La rilevazione della cessione di un cespite comporta la necessità di rilevare lo storno del suo valore contabile (in AVERE) in contropartita del corrispettivo delle vendita (in DARE). L'eventuale differenza che emerge rappresenta:

  • una plusvalenza, nel caso di eccedenza del corrispettivo rispetto al valore contabile;
  • una minusvalenza, nel caso di una eccedenza del valore contabile rispetto al corrispettivo della cessione.

Per valore contabile di un cespite deve intendersi la differenza tra il suo costo storico e l'ammontare del corrispondente fondo di ammortamento. Con riferimento al costo storico, si ricorda che l'art. 2426 del codice civile stabilisce che le immobilizzazioni siano iscritte al costo di acquisto o di produzione.

E' previsto, inoltre, che il costo di acquisto includa anche i costi accessori.
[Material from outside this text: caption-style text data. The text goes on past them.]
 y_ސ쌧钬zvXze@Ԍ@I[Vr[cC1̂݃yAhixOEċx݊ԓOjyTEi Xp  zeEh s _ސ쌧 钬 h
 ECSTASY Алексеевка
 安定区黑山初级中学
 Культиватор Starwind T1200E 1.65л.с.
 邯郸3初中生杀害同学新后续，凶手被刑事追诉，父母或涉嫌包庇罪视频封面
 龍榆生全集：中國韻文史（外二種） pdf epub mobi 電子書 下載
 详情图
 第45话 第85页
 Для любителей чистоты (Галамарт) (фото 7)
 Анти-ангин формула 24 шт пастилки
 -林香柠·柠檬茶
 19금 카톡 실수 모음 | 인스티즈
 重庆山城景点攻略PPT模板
Nel caso di produzione del cespite, il costo comprende tutte le componenti direttamente imputabili al prodotto. Può comprendere anche altri costi, per la quota ragionevolmente imputabile al prodotto, relativi al periodo di fabbricazione e fino al momento dal quale il bene può essere utilizzato.
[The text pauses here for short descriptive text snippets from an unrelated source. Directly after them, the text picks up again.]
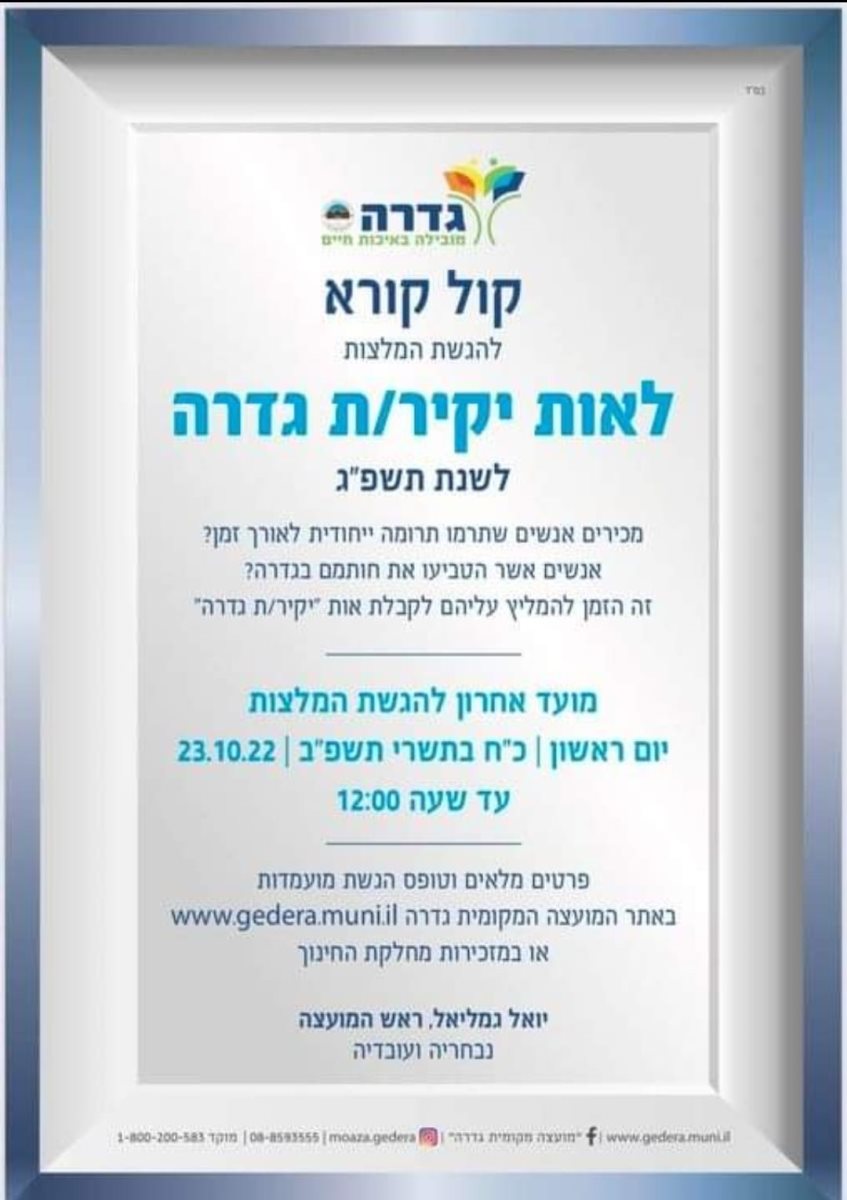 מועצה מקומית גדרה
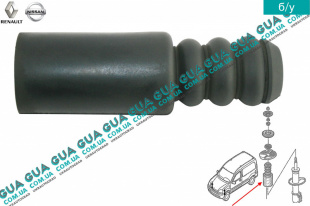 Пыльник амортизатора переднего ( отбойник )   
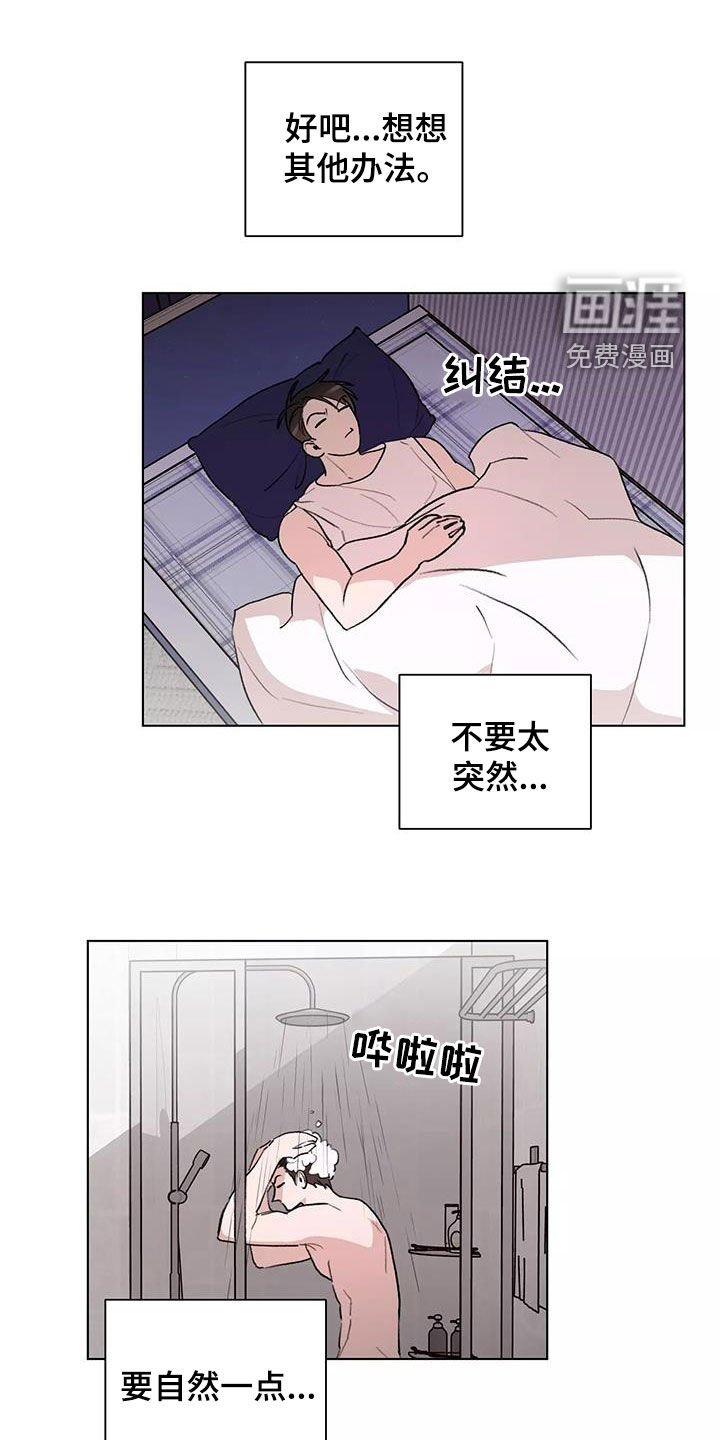 第24章：展示会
Con gli stessi criteri possono essere aggiunti gli oneri relativi al finanziamento della fabbricazione, interna o presso terzi. Per quanto riguarda il fondo di ammortamento, secondo il principio contabile n.30 del CNDC e del CNR, punto 5.4.5, "nel caso di alienazione, perdita o comunque dismissione del cespite nel corso dell’esercizio, è corretto calcolare l’ammortamento relativo alla frazione dell’esercizio nel quale il cespite medesimo è stato utilizzato e quindi la plusvalenza o minusvalenza al netto di tale ammortamento".
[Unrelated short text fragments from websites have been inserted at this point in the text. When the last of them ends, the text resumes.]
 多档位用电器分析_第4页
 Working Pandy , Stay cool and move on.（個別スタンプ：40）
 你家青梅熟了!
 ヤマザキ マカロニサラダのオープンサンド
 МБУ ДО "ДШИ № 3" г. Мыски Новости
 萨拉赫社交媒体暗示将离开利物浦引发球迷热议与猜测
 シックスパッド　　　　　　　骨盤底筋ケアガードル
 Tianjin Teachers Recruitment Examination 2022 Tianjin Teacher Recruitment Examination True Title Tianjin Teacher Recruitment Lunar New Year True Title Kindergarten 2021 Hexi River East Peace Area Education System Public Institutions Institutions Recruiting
Si evidenzia che sono iscritte nella voce di conto economico "A) valore della produzione - 5) altri ricavi e proventi" le plusvalenze derivanti dalla "cessione di beni strumenti impiegati nella normale attività produttiva, commerciale o di servizi, alienati in seguito al loro deperimento economico-tecnico ed aventi scarsa significatività rispetto alla totalità dei beni strumentali utilizzati per la normale attività produttiva, mercantile o di servizio, e comunque di entità da non stravolgere il significato tecnico del valore intermedio indicato dal legislatore come differenze tra valore e costo di produzione" (Cfr. OIC 12, pag. 25). Qualora non ricorrano le suddette condizioni la plusvalenza è considerata di tipo "straordinario" ed è quindi iscritta nella voce "E 20) proventi straordinari". Analoghe considerazioni valgono per le minusvalenze. Quelle di tipo "ordinario" sono iscritte nella voce "oneri diversi di gestione", mentre quelle di tipo straordinario nella voce "E 20) oneri straordinari".

Per semplicità di rappresentazione sono state omesse le rilevazioni contabili relative alle imposte. Le rilevazioni di conto economico sono alternative.